A Spanish Seafood Complement
Wednesday - March 26, 2008
I’ve been eating quite a bit of seafood recently, and have had a fun time trying wines outside the Sauvignon Blanc, Riesling and Chardonnay boxes. In particular, I’ve found a couple of really refreshing whites from Spain, more specifically the Rias Baixas (pronounced ree-ush bi-shus). These wines are made with the Albariño grape and provide a wonderful complement to shellfish, seafood and green salads. Rias Baixas is located in Galicia, where Spain extends to the Atlantic Ocean between the Pyrenees of France and the north end of Portugal. This area is a hilly river basin that has a series of complex rivers and inlets, with plenty of alluvial soils with great drainage together with a continental climate that converge to produce some of the most refreshing and famous white wines of Spain. Albariño grown in this area has a wonderfully refreshing character. It always has a citrusy note that acts like a squeeze of lemon with any fish preparation. It has a zesty acidity that cleanses the palate and alcohol levels are moderate, hovering around 12 percent.

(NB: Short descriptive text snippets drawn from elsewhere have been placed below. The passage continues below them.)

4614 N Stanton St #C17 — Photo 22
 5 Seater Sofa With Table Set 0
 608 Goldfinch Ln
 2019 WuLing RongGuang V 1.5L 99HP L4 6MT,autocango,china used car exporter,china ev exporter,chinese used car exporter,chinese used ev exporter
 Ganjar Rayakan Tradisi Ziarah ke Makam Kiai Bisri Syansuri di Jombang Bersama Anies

The 2006 Pazo Barrantes Rias Baixas Albariño ($20) is one of my new cool finds. The estate itself is well-established, being the ancestral home to the Creixell family since the 15th century. The winery was a more recent addition in 1991. With only about 30 acres of plantings entirely to Albariño, this estate specializes in making only the finest Albariño around. The wine is made using only stainless steel tanks, so there is no oak to overshadow Albariño intrinsic character. It has a powerful nose of lemon and lime zest with nuances of freshly cut grass, guava skin and Asian pears. A prettier nose from an Albariño is hard to find. Yet it excels on the palate with a really uplifting personality, buoyed by the refreshing acidity, finishing with a flowery note that comes at the back of your palate. It is succulent and very easy to drink - chilled and in plentiful quantities.
Another excellent version of Albariño comes from Bodegas Fillaboa. The name means “the good sister” and is owned by a family that has winemaking roots that go back to the 14th century. The wines are made entirely from estate-grown fruit unlike lesser producers that purchase fruit to blend together with their own.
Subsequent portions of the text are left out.